Once you're a manager, it's very hard to make the transition back to technical engineering. Managers must have an overview, while engineers have to understand the details. It's not enough to know about a technology; you have to know the technology -- and that takes years of hands-on experience. The higher you rise as a manager, the less chance there is that your technical knowledge will still be useful. Social integration is also difficult, as coworkers will view you differently once you've been a manager (and had access to confidential files). Finally, there's always the stigma of the "fallen manager." [ibid.]

When technical companies do have managerial openings, they tend to fill them with powerful communicators who "exude confidence, charm and assertiveness." These people are "bright, articulate, sensitive, likable, aggressive, energetic, participative, communicators -- but neither leaders nor managers." They tend to be influencers rather than leaders, responders rather than initiators, individualistic rather than team-oriented, not risk takers, and not profit-oriented. They use the "smile factor" to get ahead. (And some of them are not above lying about their accomplishments. Check them out.) [Marlys Hanson, Hanson & Associates, Livermore, CA. ibid.]

Jean Hollands, Growth & Leadership Center (Mountain View, CA), stresses that you must always sell yourself.
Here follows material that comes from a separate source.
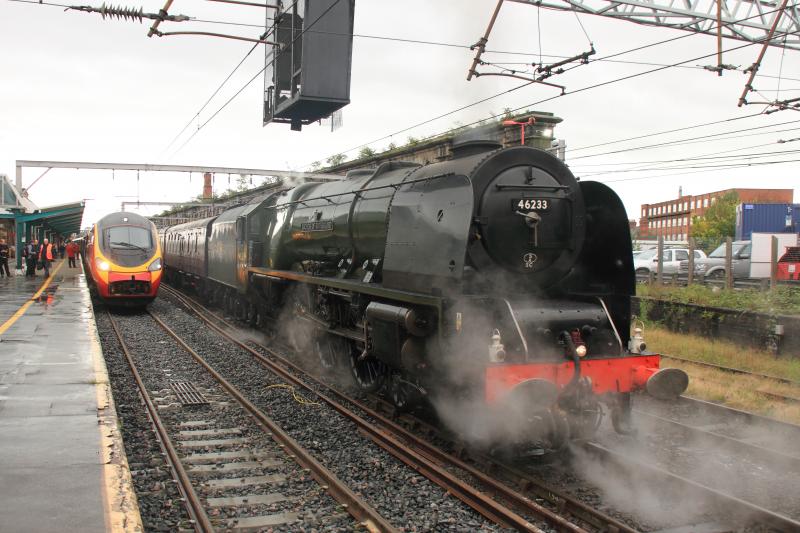 New meets Old: 390010 on 1S51 the 08.43 London Euston to Edinburgh in Platform 1 Carlisle with 46233 on 5Z29 on 17/08/2013
Photo of New meets Old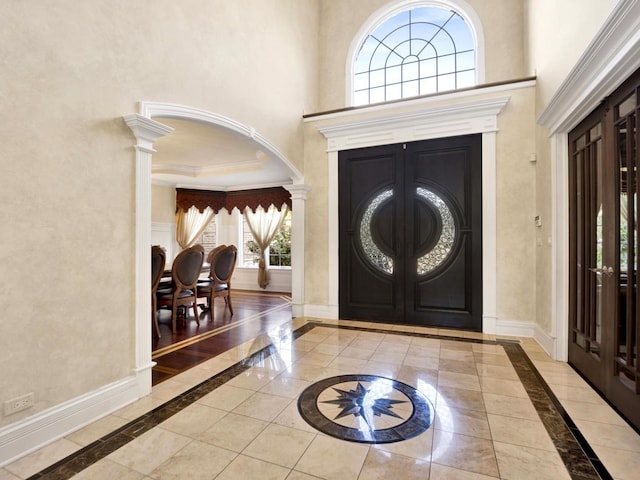 foyer with a towering ceiling, decorative columns, baseboards, and crown molding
In other countries, CEOs are often technical. In the U.S., only engineers who communicate well can make it to the top [in large companies]. You must sell your goals and needs at all levels, and you must be willing to take risks and to accept rejection. [ibid.]

Minority engineers and professionals have been reluctant to take personal risks, according to one black personnel specialist. Much of their early success came through assimilation. In a corporate environment, though, success doesn't count unless it's visible success. [Amy Bermar, EDN, 10/17.] (Until your work is seen to be done, it isn't done. Visibility is an important dimension of any project.)

I mentioned DRA last week. DRA is Data Research Associates, Inc., a vendor of VMS-based automation systems for public and [mostly small] academic libraries. DRA shareholders have sought investment from other firms, but president Mike Mellinger (mike@sdg.dra.com) denies that it is negotiating a sale to AmeriTech or anyone else. [PACS-L, 10/31.]

I've had a request for information on two IS companies. One is Software AG, which is developing a library-automation product called Tapestry. The other is AmeriTech, which purchased NOTIS. Does anyone know how these companies view the library market, or who the project leaders and funding authorities are?